More than 40 years ago, Bill and Virginia Morris had an idea. It was just a small one, thought up on their way home from the city’s Fourth of July parade.

“We went downtown to the parade,” says Morris, “which consisted of the Daughters of the American Revolution riding down the street in air conditioned cars, waving at us out the windows. My wife and I thought we needed a much better parade than that.”

Virginia told Morris of the childhood parades she remembered, made up completely of neighborhood kids. They decided they’d try it in their own Northaven Park neighborhood.

“The next year we simply spread the word that we were gonna have one,” he says. “We told people to decorate their bikes and things, and said we’d start at 10 a.m.”

They planned to begin in front of their house on Elderwood.
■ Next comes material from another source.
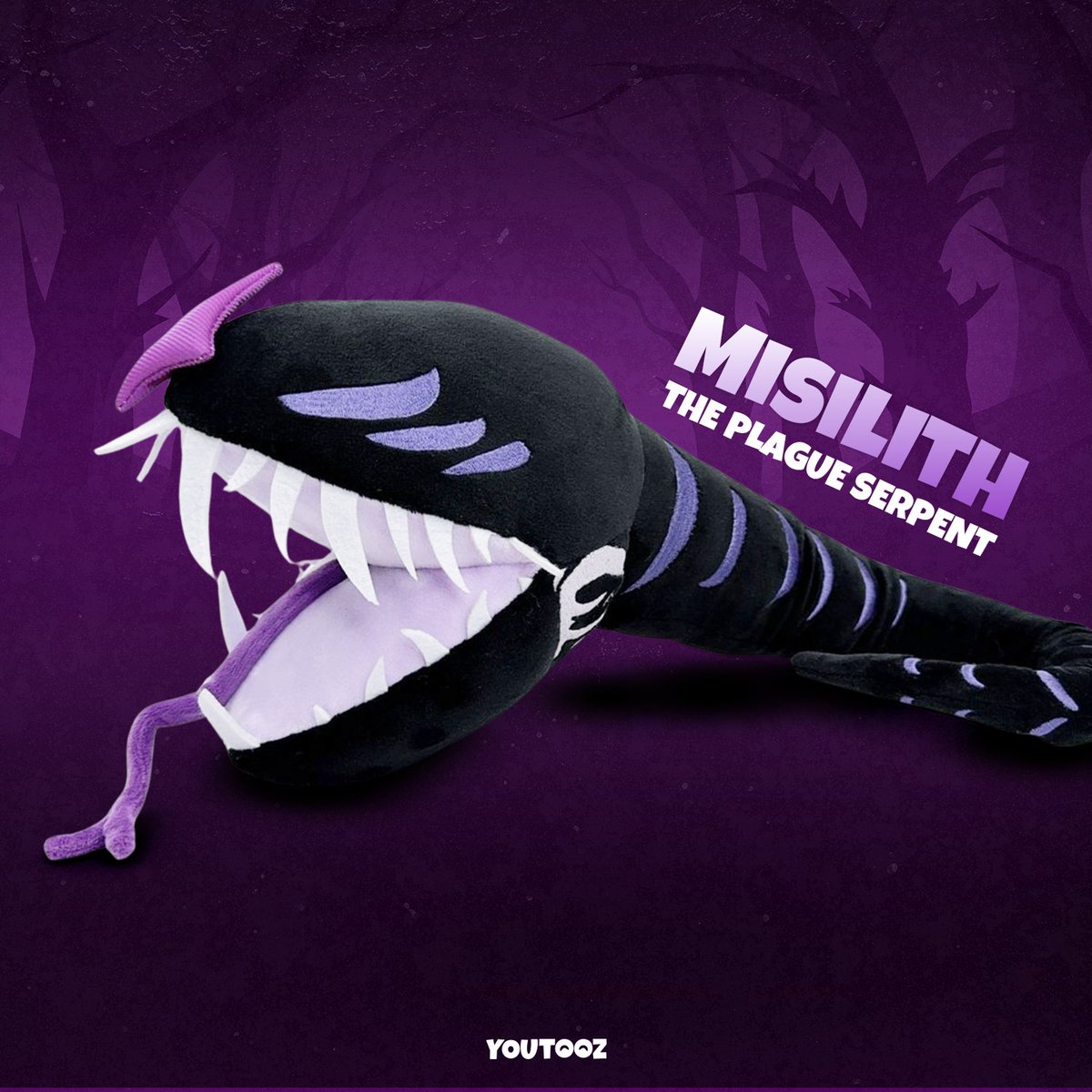 Magic The Noah tweet media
A few minutes before the designated time, they probably wondered if the idea was a good one after all. Only a handful of people had gathered out front.

“At 10 minutes ‘til 10, we had maybe a dozen people outside,” he says. “But right at 10, we must have had 150 people. They came out of the woodwork.”

They came on bikes. They rode in strollers. Some even traveled on converted lawn mowers. The Morrises dressed their oldest daughter, Cindy, in a Statue of Liberty costume.

“We made her a costume and a hat with the spikes, you know, and built a little four-foot-square float with a rope for her to hold onto, and somebody walked in front and pulled it,” he says.

Cindy wore the costume for a couple of years, before passing the honor to another lucky neighborhood girl. Since then it has been handed down every year, from neighbor to neighbor. And last year, Cindy’s own daughter was Miss Liberty.

Few things in life have remained the same in the past 40 years. But one of those things is that not-so-little neighborhood parade, held every year since the first, at 10 a.m. on the Fourth of July.

“It’s almost exactly like it was,” Morris says. “It’s still all kids. And it’s still amazing how, 15 minutes before it starts, there’ll be no one around. And then, when the time comes, they’re just everywhere.”

It’s sure to happen just the same way this year, with only one difference. Though the parade will start in front of the same house it always has, it won’t be Morris who comes out the front door to start things off.

Now widowed and battling health problems, Morris decided earlier this year to move to another neighborhood to live with his son. But he didn’t leave the parade without a leader.

His daughter and son-in-law, Kathy and David Fechtman, moved into the house. They’d already been involved with the parade for years, so it just seemed natural for David to step into the leadership role.

Morris says he’ll continue to attend the parades, but it’s time to let someone else take charge.

“I think it’s great that he will be doing it,” he says. “I need to pass this down the road, hand it off. They’re enthusiastic about it, as much in favor of it as I was.”

Looking back, Morris says he’s proud of what he started, though he’s reluctant to take the credit for himself.

“It was just an idea,” he says. “We just wanted a little parade the kids could participate in. Now we’re on our second, almost third generation. I think it turned out very well.”

The parade, which is open to the public, begins at the 5800 block of Elderwood on Friday, July 4, at 10 a.m.